Manifold learning with approximate nearest neighbors

URL: http://arxiv.org/abs/2103.11773v1
Date: Mon, 22 Feb 2021 12:04:23 GMT
Title: Manifold learning with approximate nearest neighbors
Authors: Fan Cheng, Rob J Hyndman, Anastasios Panagiotelis
Abstract summary: We use a broad range of approximate nearest neighbor algorithms within manifold learning algorithms and evaluate their impact on embedding accuracy. Via a thorough empirical investigation based on the benchmark MNIST dataset, it is shown that approximate nearest neighbors lead to substantial improvements in computational time. This application demonstrates how the proposed methods can be used to visualize and identify anomalies and uncover underlying structure within high-dimensional data.
Score: 1.8477401359673706
License: http://creativecommons.org/licenses/by-nc-nd/4.0/
Abstract: Manifold learning algorithms are valuable tools for the analysis of high-dimensional data, many of which include a step where nearest neighbors of all observations are found. This can present a computational bottleneck when the number of observations is large or when the observations lie in more general metric spaces, such as statistical manifolds, which require all pairwise distances between observations to be computed.
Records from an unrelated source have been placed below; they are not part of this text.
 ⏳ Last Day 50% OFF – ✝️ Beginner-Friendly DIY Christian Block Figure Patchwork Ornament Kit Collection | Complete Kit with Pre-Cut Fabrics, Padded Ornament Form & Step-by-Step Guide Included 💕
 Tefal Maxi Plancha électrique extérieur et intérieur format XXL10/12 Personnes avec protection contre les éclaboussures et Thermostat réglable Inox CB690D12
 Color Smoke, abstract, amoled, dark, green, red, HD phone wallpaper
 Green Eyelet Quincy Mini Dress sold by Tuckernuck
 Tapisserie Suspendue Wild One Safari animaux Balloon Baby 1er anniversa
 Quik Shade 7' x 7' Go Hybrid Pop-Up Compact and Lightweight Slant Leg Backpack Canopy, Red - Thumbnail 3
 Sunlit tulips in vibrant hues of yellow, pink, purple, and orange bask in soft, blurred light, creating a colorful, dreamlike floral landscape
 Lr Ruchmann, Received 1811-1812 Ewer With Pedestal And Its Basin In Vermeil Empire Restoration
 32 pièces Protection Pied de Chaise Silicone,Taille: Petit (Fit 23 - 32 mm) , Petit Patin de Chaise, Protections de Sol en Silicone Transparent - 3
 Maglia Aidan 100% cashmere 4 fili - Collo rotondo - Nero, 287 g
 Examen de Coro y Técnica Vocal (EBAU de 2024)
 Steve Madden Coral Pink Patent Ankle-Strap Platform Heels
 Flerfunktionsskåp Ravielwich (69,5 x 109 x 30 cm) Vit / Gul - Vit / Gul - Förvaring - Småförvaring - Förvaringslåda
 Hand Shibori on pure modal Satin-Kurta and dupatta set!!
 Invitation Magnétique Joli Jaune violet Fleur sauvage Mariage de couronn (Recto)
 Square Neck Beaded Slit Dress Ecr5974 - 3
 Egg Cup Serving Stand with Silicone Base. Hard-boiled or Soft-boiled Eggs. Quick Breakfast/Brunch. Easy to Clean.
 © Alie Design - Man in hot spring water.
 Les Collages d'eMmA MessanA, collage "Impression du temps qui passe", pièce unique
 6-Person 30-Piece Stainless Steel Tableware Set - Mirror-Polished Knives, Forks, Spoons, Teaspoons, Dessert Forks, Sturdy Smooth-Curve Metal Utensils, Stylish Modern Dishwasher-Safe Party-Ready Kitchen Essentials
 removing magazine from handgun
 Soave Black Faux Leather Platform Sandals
We resolve this problem by using a broad range of approximate nearest neighbor algorithms within manifold learning algorithms and evaluating their impact on embedding accuracy. We use approximate nearest neighbors for statistical manifolds by exploiting the connection between Hellinger/Total variation distance for discrete distributions and the L2/L1 norm. Via a thorough empirical investigation based on the benchmark MNIST dataset, it is shown that approximate nearest neighbors lead to substantial improvements in computational time with little to no loss in the accuracy of the embedding produced by a manifold learning algorithm. This result is robust to the use of different manifold learning algorithms, to the use of different approximate nearest neighbor algorithms, and to the use of different measures of embedding accuracy. The proposed method is applied to learning statistical manifolds data on distributions of electricity usage. This application demonstrates how the proposed methods can be used to visualize and identify anomalies and uncover underlying structure within high-dimensional data in a way that is scalable to large datasets.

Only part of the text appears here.